Примечательно, к какому выводу приходит Леви: «Самоубийство Амери — он совершил его в 1978 году в Зальцбурге [то есть за девять лет до того, как Леви бросился в лестничный пролет], — как и прочие самоубийства, порождает целый сонм объяснений, но, если оглянуться, становится понятно, что эпизод драки с поляком предлагает одну-единственную трактовку».
Это замечание — о том, что гневный отпор каким-то образом ведет к саморазрушению, — в свете самоубийства Леви, довольно загадочно, над ним стоит поразмышлять. Пока что будет нелишним обратить внимание на то, что Леви — точнее, суровый, величественный голос, звучащий со страниц его книг, — был совершенно лишен злобы, негодования, неистовства — всего, что предполагает ответ ударом на удар.
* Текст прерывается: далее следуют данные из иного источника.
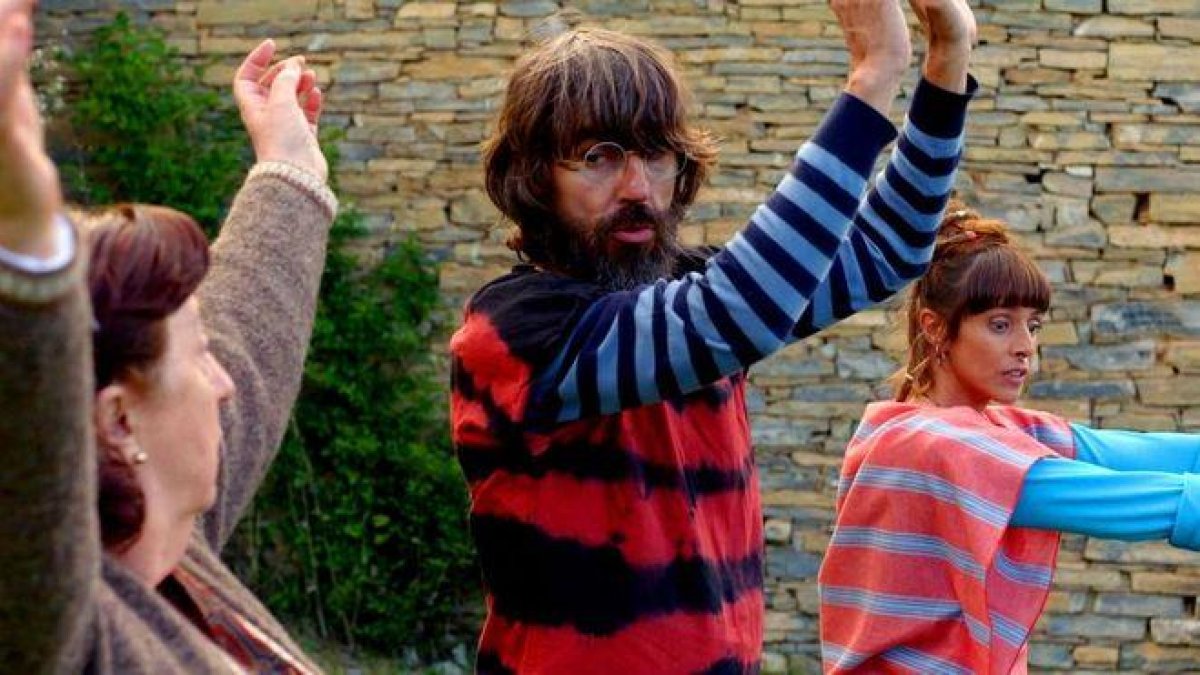 Vídeo promocional de la nueva telecomedia de Tele 5 El Pueblo.-EL PERIÓDICO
Это был голос, исполненный истинного здравомыслия и проницательности. Леви не хотел выступать ни в роли проповедника, ни в роли жалобщика. Он избегал полемики, менее всего хотел, чтобы его воспринимали как миссионера: «К ним — пророкам, сказителям, прорицателям — я отношусь с недоверием. И таковым не являюсь». Взамен он выбрал роль особого свидетеля — особого, поскольку ему была «дарована привилегия» выжить, исполняя роль лабораторного раба — немцам было выгоднее, по крайней мере на тот момент, использовать его как химика, а не уничтожить незамедлительно как еврея; и, с нашей точки зрения, он был таковым, поскольку умел ясно и беспристрастно излагать свои мысли. Без беспристрастности невозможно отринуть потоки эмоций, отказаться от проповеди, от достигаемого через гнев катарсиса — все это так и рвется наружу, когда описываешь беспрецедентную гнусность преступников и их преступлений. Леви не обвинял, не негодовал, не требовал, не поносил, не сетовал, не рыдал. Он только описывал — подробно, аналитически, четко. Он был Дарвином лагерей смерти — не Вергилием немецкого ада, а его научным исследователем.
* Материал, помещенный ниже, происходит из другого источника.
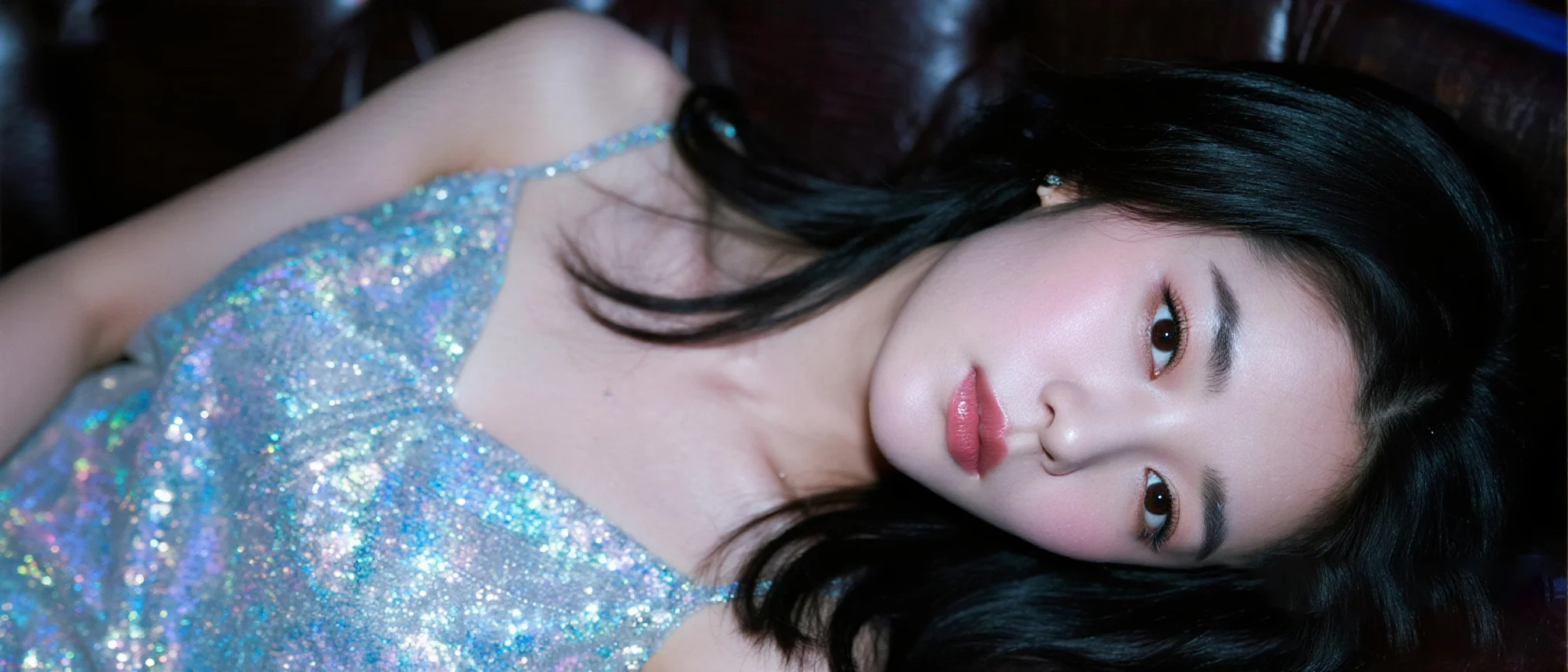 女性優雅穿搭風格展示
Леви и сам признавал, что намеренно соблюдал эту отстраненность.
Занимаясь своим ремеслом, — сообщает он в «Канувших и спасенных», — я приобрел привычку, которую можно оценивать по-разному, можно счесть человеческой и нечеловеческой, — привычку никогда не оставаться безразличным к тем индивидуумам, с которыми сводит меня судьба. Все они не только люди, но и «образцы» в запечатанных конвертах, и их надо определить, проанализировать, взвесить. Аушвиц предоставил мне богатую, разнообразную и необычную коллекцию образцов, среди которых были друзья, люди нейтральные и враги, но в любом случае это была пища для моей пытливой натуры, которую некоторые — как тогда, так и сейчас — сочли отстраненной… Я понимаю, что это отношение «естествоиспытателя» возникает не только или непременно вследствие занятий химией. Но в моем случае это было именно так.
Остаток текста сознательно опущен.